Wednesday, August 19, 2009

The Ravenor Omnibus

Dan Abnett's Ravenor Trilogy

I devoured through this omnibus, 900 pages, like a rabid warp daemon in just barely a week. Following up the excellent Eisenhorn omnibus not that long ago, I plopped down for this one as soon as I heard it was coming out confident it'd also be a good read. Also for a mere ten bucks (or so), it's an even better deal than most.

I'm going to not draw too many comparisons between this trilogy and Eisenhorn. With all of their similarities, very similar, they read very differently. Eisenhorn focused mainly on the man himself, his rise and fall as an Inquisitor. Now about Ravenor, yes it is largely about Gideon Ravenor, but moreso about his acolytes and retinue.
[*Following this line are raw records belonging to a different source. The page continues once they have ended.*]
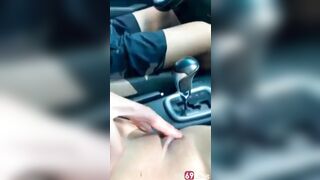Đg đi xe mà e banh lồn cho a móc bắn nước hết hết vô lăng
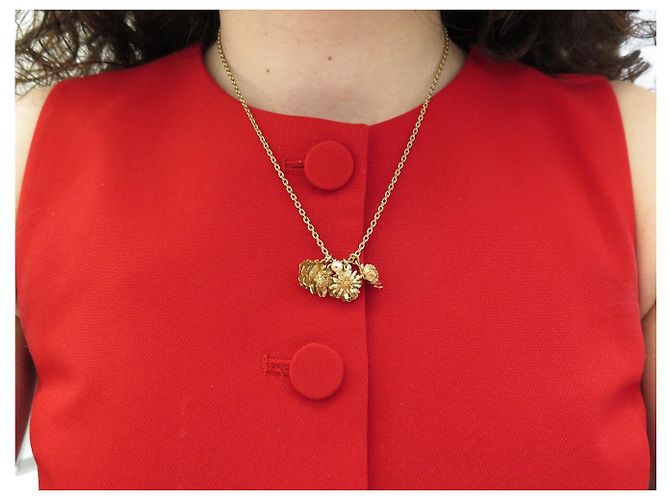 NEUE DIOR-HALSKETTE MIT BLUMEN-CHARMS AUS GOLDMETALL - Ansicht 7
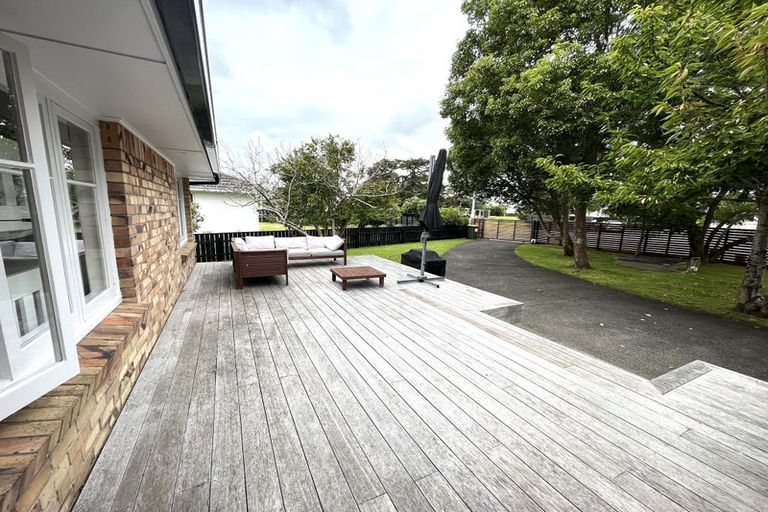 Photo of property in 21 Durham Street, Te Atatu Peninsula, Auckland, 0610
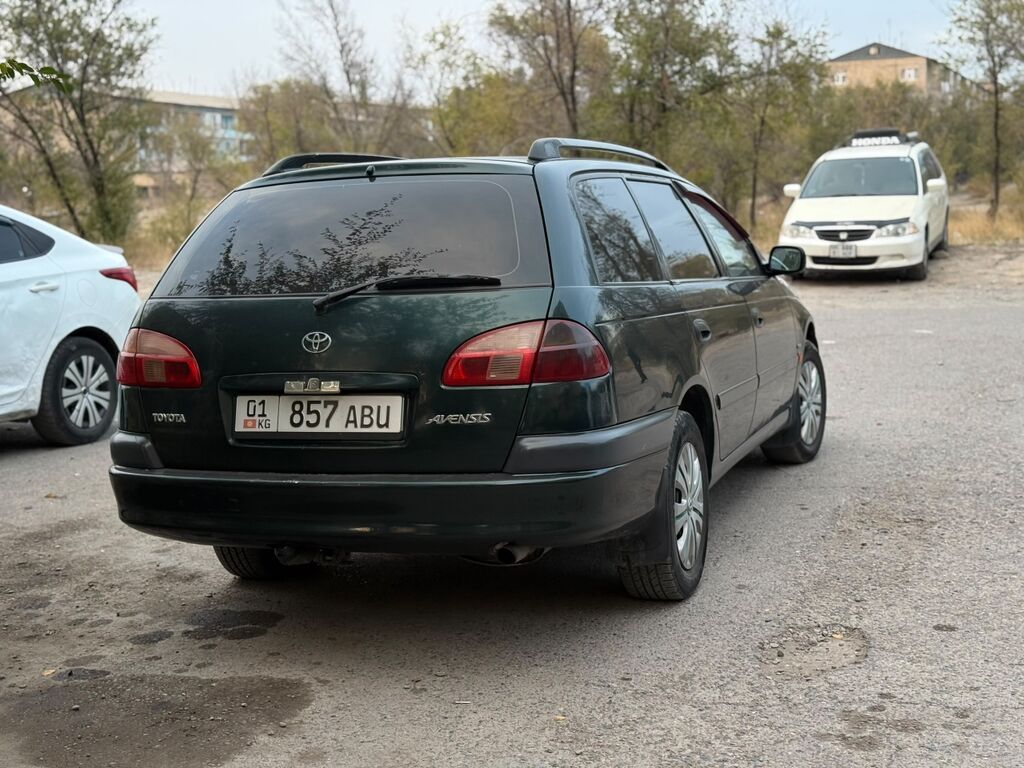 Toyota Avensis: 2000 г., 1.8 л, Механика, Бензин, Универсал: фото 5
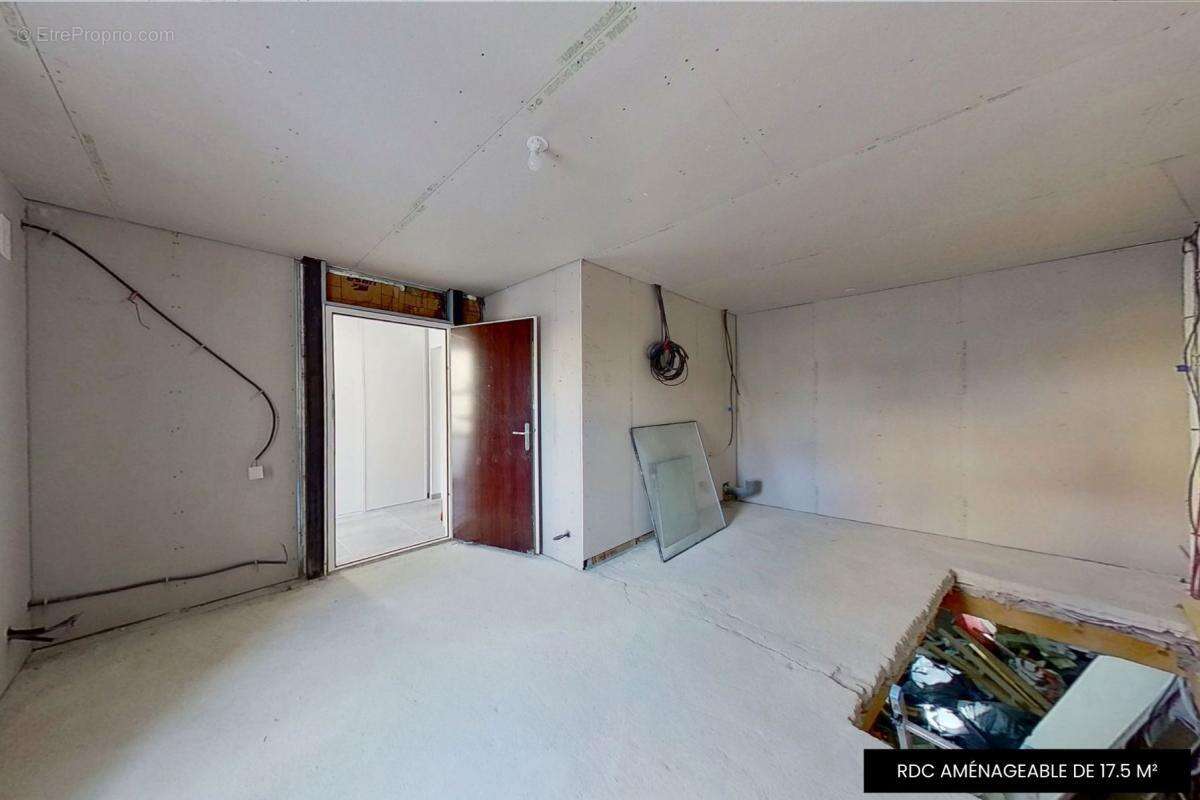 Commerce à VILLENEUVE-DE-LA-RAHO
The time frame across the trilogy at its core is just about a year at most, but a good six months of that time is spent in transit, or recuperating, or the like. There is a definite plot that weaves through each novel, and instead of each novel reading on its own, they weave together nicely for a much larger tale. The acolytes are great, and Abnett really delves into each and every one of them. At first, I thought it would suffer from 'Lost' syndrome, and have way too many main characters, but he handled them well and the number was just right.

As far as a primer goes for a 40k newbie goes getting into Dark Heresy, I would recommend this trilogy over Eisenhorn actually. The chemistry and skills of the team work together in harmony to infiltrate criminal underworlds, hack systems, fight heretics, and basically kick arse in the name of the Emperor. Through these very skilled, but also much human characters, you feel closer to the action, and the danger threat is much more real. The big draw to the trilogy for me was also how almost nothing ever went according to plan. Seriously, I wouldn't call Ravenor and his crew "bumbling", but man, every time they had a plan, it got screwed up...bad. This usually meant someone getting the jump on them in a very bad way. Speaking of which, Abnett doesn't pull any punches with his characters. His portrayal of life in the Inquisition is hard and fast, and often it is very gritty and brutal.
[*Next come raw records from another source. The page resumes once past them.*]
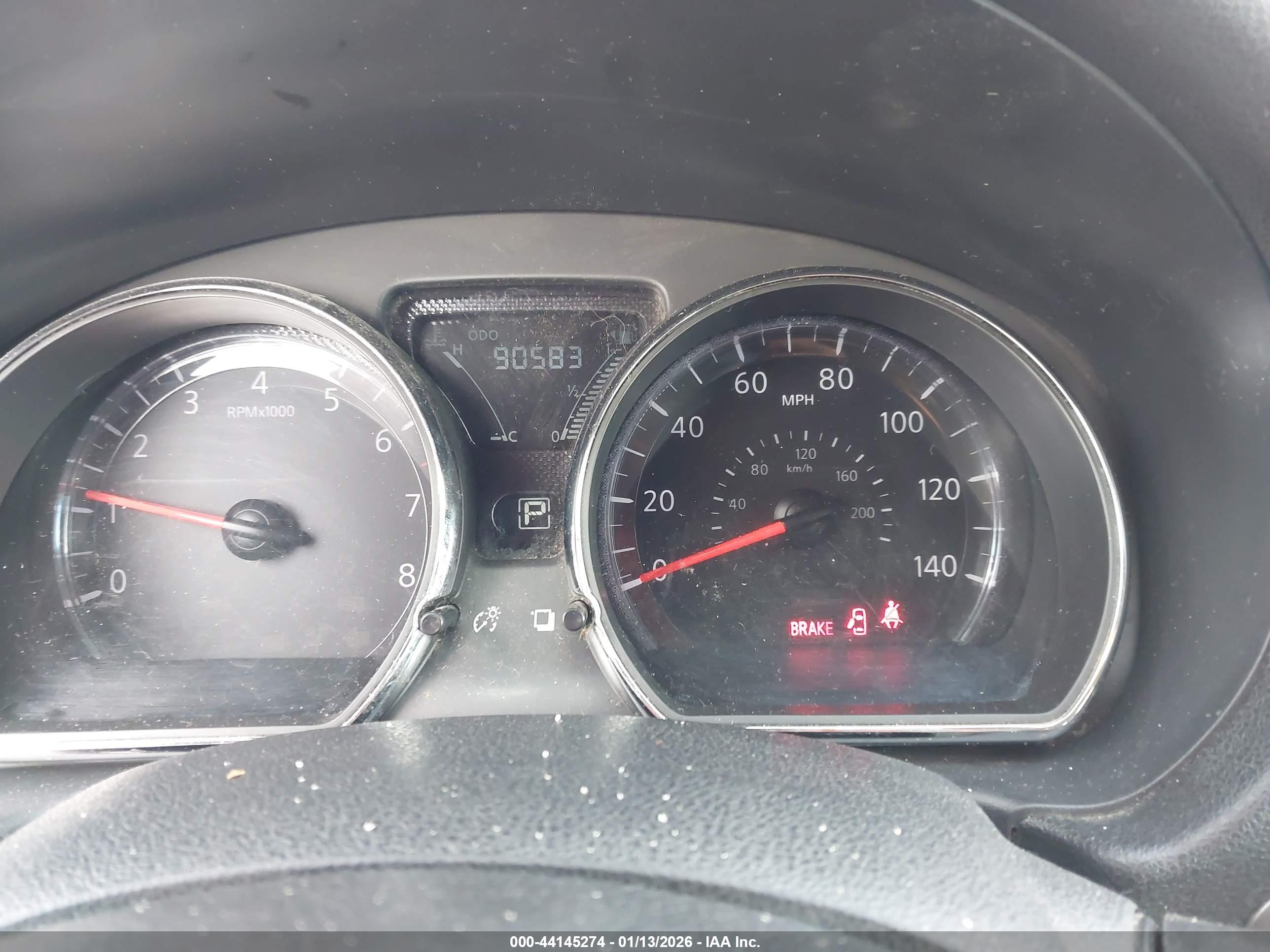 NISSAN VERSA image 7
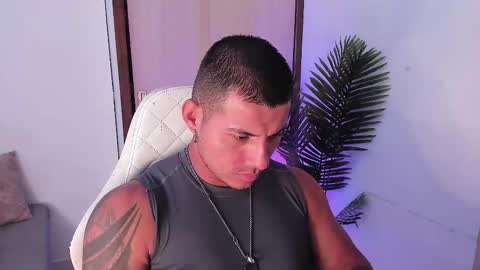 Snapshot of markus_blass chatting on 09/26/25, 03:27 markus... Y online show from 09/26/25, 03:27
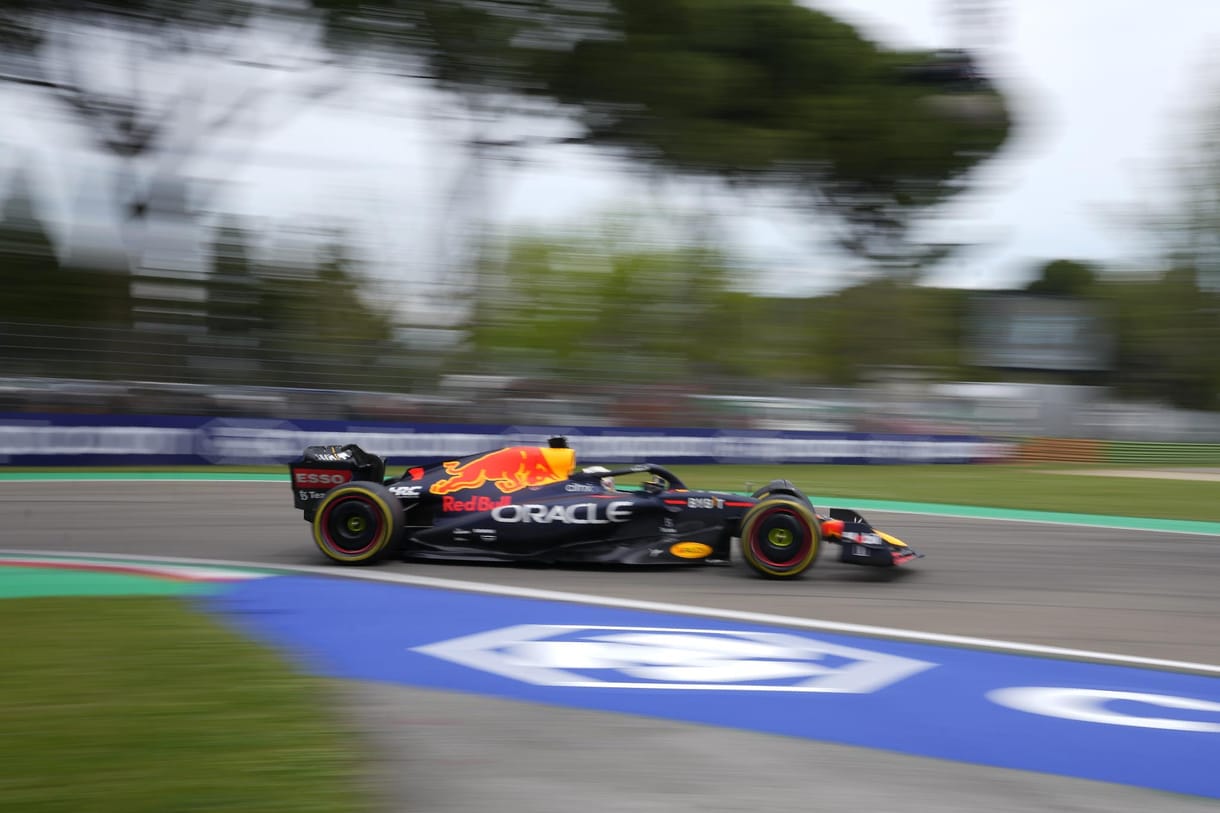 Verstappen nyerte az F1 sprintfutamot Imolában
If you read Eisenhorn, you've probably already read these, if not, it's no big deal, Eisenhorn is not a prerequisite. The action is well written, and there is a great cop-drama vibe throughout with a hefty helping of dark occult activity. You'll be invested in the myriad of characters, and though I've understated him somewhat, the namesake character, Ravenor, is pretty darn cool. It's a good read, and even though it's as thick as a phonebook, it's a surprisingly fast read to boot. A couple of short stories bookend the middle book, and each one really added to the overall story. One was an origin story of one Ravenor's trusted acolytes, and the other one takes place chronologically between the first and second book and has a surprising guest star in it. It's a great journey furthering the world of the Inquisitor and their fight against the ruinous powers, I highly recommend it for casual and hardcore fans alike.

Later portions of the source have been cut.